I have to say that I “didn’t get” the Gunslinger books. I read the first two, I think, and couldn’t really get into them. I thought he was trying too hard to be artsy-pretentious. Am I the only one?

moggy- I read the first two…Didn’t do it for me. But then I’m not a fantasy fan.

Now that you mention it, though, you’re right about the abuse thing. There was also Insomnia, where Helen Deepneau (sp?) is abused by her seemingly mild and harmless husband. Someone else on the boards a few months ago mentioned SK went from being kind of…well, sexist (as seen in The Stand, Christine, and a few others), to raising more feminist issues in his novels (Insomnia, Rose Madder, etc).

Anyway, I don’t think his new writing is necessarily “deeper” than his old stuff. It’s stylistically good, but it just doesn’t turn me on the way it used to. I agree with AuntiePam- it is remarkable when a writer can raise that connection. I still feel all tingly when I think of some of my absolute fave SK books. I still have a lot of admiration for the guy- he can write books that touch people on such a personal level. Sure, he’s pegged as the stereotype of the horror writer, the house hold name, but he can do more than just write books- he can make you care. And he’s done that for about two or three decades, and even after the accident, he’s still doing it. I love the guy. :stuck_out_tongue:

The expanded version of The Stand was his best book; especially the early chapters with the government desperately trying to pull the wool over everyone’s eyes.

(Such a coverup couldn’t get off the ground nowadays, because of the Internet.)

I get the impression that King has Serious Issues with the military though. :slight_smile:

Except for the Dark Tower books, which seemed too - well, weird and bleak - I liked everything he wrote up till Insomnia which was just plain off-the-wall.

Bought Desperation and The Regulators in hardback, then wished I hadn’t. :slight_smile:

But there’s that cool effect when you lay the books side by side and you see that the two covers make one picture. :wink:

I told someone not too long ago that I thought King was starting to get lazy and cheat in his books. Nowadays, seems to me he throws in a lot of supernatural crap that isn’t part of the problem, but is in fact a tidy little solution.

I still like his characters and their stories, I just wish he’d have stuck to more having the good guy rely on his own
wits/powers/whatever then throwing in a stupid, totally implausible subplot that saves the day.

I liked Insomnia on the whole, but I got real tired of the references to the Gunslinger books. Since I am not into the Gunslinger, I hate that I spent all that time reading a pretty good book only to find out the whole damn purpose of the plot was (SPOILER COMING)

to have the protagonist save the life of a character that would be needed in another book.
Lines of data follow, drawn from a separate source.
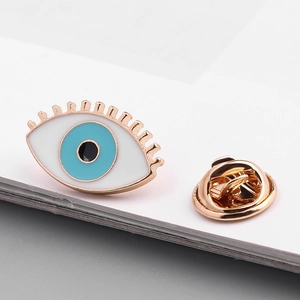 Detailed view of the Evil Eye enamel brooch with gold finish and butterfly clutch back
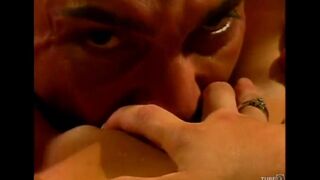 The couple enjoy each other on the couch with passion and tenderness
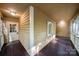 Screened porch featuring painted siding, wood flooring, white trim, and window at 3000 Low Gap Rd, Waxhaw, NC 28173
(I won’t spoil it for the rest of you)

Generally speaking, I’m liking fewer and fewer of his recent books. I loved “Bag of Bones,” “Insomnia,” “The Green Mile,” and “The Girl Who Loved Tom Gordon,” but I did not like “Dreamcatcher,” “Desperation,” “Regulators,” and “Rose Madder.”

I read BH because I’m a full-fledged, card-carrying member of the Stephen King fan club and I felt it was my duty. That said, I didn’t take much away from this tome as I had hoped.

I regret that I didn’t read his on-line piece, the name escapes me now. Was it worth the price?